If you are trying to enter actual html coding or css and don't want it converted visually in the text it needs to be surrounded with <code> tags which uses a monospace font and will eliminate all styling. You can use a text editor that lets you select the encoding for your text and stick to pasting in UTF-8 text to get around some of the issues. The example I mentioned as a bad choice to use for a "plain text" editor (MSWord) uses encoding with entities that visually look like different characters (' and - for example).

For Windows, a free text editor like Notepad++ or PSPad is a better choice, it lets you set the text encoding. Free TextWrangler for Mac offers that too.

smallcompany

4:34 pm on Nov 16, 2014 (gmt 0)

WebmasterWorld Senior Member 10+ Year Member Top Contributors Of The Month



Thanks very much to both.

I still don't get it, and here is why:

I have other WP installations where it’s is it’s in both browser and source code (the way I want it).

How come?

I compared three different WP sites, on two servers. Only this latest one does this. All the installations are WP 4.0 now.

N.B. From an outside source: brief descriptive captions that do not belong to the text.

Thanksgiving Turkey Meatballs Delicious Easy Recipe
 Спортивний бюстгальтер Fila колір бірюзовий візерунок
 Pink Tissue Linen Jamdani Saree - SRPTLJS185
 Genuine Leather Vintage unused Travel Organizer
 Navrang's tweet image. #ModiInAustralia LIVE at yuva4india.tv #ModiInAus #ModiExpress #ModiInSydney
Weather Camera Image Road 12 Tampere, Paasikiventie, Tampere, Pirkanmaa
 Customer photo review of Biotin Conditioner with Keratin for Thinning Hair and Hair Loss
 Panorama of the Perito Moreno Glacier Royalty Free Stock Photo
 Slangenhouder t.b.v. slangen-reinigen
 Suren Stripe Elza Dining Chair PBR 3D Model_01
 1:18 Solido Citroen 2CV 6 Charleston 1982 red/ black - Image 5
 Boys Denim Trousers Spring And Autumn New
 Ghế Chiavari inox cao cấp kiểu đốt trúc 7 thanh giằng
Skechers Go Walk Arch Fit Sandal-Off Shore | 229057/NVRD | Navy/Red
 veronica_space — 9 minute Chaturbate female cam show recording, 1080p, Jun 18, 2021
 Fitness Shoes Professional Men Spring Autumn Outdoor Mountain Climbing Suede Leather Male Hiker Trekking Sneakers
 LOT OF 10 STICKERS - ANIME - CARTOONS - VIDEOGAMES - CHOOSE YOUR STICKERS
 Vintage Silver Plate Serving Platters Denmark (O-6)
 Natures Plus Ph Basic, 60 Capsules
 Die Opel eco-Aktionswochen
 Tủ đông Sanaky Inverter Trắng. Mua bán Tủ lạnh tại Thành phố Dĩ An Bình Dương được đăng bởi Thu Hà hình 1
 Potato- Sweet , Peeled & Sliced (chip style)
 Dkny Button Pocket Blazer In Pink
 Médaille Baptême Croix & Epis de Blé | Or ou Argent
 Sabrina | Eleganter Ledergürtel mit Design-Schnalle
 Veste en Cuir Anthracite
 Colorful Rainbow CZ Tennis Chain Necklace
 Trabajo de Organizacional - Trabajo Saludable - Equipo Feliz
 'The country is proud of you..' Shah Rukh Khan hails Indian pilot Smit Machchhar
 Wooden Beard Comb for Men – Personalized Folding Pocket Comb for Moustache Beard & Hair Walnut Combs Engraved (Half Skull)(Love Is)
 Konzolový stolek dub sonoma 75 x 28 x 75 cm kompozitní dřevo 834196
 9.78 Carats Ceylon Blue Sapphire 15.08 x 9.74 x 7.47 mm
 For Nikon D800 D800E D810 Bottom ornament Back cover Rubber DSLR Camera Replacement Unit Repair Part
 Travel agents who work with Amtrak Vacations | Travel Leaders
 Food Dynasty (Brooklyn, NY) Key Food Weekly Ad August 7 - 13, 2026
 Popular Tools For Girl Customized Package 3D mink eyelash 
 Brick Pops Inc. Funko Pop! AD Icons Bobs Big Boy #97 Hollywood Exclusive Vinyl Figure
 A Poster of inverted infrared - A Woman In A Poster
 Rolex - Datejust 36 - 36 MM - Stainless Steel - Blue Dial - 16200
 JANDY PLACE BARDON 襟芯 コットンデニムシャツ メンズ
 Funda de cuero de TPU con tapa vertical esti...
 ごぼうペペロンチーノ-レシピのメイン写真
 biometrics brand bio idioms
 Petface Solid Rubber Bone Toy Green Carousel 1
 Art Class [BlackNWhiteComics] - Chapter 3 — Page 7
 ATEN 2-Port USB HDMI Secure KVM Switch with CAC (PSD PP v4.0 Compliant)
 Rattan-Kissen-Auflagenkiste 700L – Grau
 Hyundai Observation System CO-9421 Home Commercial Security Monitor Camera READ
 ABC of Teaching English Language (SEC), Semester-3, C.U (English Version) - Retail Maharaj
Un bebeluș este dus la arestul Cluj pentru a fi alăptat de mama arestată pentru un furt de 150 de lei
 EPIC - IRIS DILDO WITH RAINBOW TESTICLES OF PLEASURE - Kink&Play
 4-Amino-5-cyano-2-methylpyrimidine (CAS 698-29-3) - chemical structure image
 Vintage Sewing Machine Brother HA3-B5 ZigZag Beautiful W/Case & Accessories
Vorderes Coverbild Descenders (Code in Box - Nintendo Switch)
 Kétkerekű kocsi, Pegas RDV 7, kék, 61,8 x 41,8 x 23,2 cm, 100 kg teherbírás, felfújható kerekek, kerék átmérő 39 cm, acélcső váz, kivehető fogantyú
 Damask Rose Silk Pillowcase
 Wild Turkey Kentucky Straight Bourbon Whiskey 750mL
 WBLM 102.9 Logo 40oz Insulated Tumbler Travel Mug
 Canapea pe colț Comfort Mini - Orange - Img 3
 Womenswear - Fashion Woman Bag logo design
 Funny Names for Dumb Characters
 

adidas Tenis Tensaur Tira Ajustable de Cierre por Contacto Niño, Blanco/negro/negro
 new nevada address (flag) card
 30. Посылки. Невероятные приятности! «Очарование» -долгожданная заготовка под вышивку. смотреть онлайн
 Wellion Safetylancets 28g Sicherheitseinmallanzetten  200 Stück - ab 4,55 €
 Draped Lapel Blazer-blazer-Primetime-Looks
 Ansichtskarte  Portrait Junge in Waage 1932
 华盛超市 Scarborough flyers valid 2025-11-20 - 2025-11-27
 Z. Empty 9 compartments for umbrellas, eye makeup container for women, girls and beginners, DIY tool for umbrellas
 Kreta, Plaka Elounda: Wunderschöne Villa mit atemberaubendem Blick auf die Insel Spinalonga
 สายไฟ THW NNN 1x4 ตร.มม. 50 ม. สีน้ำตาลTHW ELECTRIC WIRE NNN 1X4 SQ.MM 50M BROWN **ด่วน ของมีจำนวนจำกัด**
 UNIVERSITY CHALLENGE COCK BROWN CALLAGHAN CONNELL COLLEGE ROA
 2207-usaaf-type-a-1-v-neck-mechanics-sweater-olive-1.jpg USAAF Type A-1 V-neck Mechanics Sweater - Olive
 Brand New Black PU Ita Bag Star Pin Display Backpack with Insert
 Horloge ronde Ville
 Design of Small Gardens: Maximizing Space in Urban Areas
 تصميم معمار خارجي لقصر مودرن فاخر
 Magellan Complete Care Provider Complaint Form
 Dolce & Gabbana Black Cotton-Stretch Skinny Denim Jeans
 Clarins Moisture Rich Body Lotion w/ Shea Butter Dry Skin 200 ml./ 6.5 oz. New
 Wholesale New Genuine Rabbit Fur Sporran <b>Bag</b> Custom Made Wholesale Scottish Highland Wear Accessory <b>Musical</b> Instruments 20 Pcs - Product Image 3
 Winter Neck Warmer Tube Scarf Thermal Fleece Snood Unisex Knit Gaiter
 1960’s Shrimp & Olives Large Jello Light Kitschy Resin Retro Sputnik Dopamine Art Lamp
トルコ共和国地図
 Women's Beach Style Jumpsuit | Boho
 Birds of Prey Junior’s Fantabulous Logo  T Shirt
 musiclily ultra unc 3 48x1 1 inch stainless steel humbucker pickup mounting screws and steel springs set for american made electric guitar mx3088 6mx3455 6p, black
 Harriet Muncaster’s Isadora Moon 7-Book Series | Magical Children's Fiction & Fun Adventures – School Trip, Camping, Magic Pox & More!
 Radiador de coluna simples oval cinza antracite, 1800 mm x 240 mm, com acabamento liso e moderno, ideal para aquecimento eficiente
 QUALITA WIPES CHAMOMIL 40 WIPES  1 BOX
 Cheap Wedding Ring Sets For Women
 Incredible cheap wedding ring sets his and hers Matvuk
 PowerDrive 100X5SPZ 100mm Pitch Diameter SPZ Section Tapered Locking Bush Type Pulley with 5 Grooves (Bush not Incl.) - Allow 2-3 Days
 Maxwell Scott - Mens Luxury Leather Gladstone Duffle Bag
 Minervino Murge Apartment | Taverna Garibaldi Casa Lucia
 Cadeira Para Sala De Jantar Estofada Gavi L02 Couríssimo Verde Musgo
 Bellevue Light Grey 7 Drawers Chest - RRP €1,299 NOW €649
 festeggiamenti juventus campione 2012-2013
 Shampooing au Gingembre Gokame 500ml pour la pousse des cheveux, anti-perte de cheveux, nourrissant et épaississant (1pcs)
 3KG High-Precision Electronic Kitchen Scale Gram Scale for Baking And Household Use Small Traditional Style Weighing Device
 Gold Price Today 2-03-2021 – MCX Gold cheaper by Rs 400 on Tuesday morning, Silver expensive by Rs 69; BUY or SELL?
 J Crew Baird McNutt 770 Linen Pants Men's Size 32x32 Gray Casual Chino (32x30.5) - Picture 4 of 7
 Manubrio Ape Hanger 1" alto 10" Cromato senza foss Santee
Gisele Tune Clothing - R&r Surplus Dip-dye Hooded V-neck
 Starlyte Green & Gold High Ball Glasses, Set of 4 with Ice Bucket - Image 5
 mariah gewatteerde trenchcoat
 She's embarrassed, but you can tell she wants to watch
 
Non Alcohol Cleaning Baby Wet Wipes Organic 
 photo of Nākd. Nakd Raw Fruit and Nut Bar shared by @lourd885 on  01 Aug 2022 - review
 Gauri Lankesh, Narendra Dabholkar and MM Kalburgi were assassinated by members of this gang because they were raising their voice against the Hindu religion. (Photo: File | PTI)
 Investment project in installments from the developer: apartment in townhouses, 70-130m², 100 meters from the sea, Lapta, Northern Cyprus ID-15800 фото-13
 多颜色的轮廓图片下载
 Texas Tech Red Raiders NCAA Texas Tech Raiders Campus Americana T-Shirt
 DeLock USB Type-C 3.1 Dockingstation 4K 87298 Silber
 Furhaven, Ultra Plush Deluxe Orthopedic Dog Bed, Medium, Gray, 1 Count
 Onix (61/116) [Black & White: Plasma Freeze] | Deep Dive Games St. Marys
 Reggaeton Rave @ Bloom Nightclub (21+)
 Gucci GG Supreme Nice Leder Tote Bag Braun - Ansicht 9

Copy/paste from Notepad++ set to UTF-8 does not change anything. This happens even when I type.

P.S.
I'm not trying to show the coding, just plain text.

not2easy

5:35 pm on Nov 16, 2014 (gmt 0)

WebmasterWorld Administrator 10+ Year Member Top Contributors Of The Month



Are you pasting it into the visual editor or the html editor? Is the server's sql configured for UTF-8? You can't change that with WP config, it would need to be changed where the server settings are. If you go to PHPMyAdmin, it will show you how the sql tables are configured.

smallcompany

8:02 pm on Nov 16, 2014 (gmt 0)

WebmasterWorld Senior Member 10+ Year Member Top Contributors Of The Month



Are you pasting it into the visual editor or the html editor?

I tried both pasting and typing in. No difference.

Is the server's sql configured for UTF-8?

utf8_general_ci

lucy24

9:47 pm on Nov 16, 2014 (gmt 0)

WebmasterWorld Senior Member 10+ Year Member Top Contributors Of The Month



You know how when you were young, people would enrage you by saying "Growing up is the best revenge"? Rolling your own HTML will let you do anything you want, the way you want it ;) When you use a CMS, there's always a tradeoff.

smallcompany

10:15 pm on Nov 16, 2014 (gmt 0)

WebmasterWorld Senior Member 10+ Year Member Top Contributors Of The Month



Rolling your own HTML will let you do anything you want, the way you want it ;) When you use a CMS, there's always a tradeoff

Absolute true. I wanted to get a feeling how would it look like if I move an existing static HTML site into WP installation that is responsive/mobile friendly. I may continue with my test in order to learn things, but will do another development at my own as well.
The "shortcuts" in this CMS example usually take more of my time than if I just started from scratch.

Cheers and thanks

not2easy

10:31 pm on Nov 16, 2014 (gmt 0)

WebmasterWorld Administrator 10+ Year Member Top Contributors Of The Month



On the question about pasting in, what I was asking was about which interface (Visual or HTML) in the text editor. I don't know if typing vs. pasting makes a difference, but which interface can make a difference.

It looks like the sql settings are not the issue.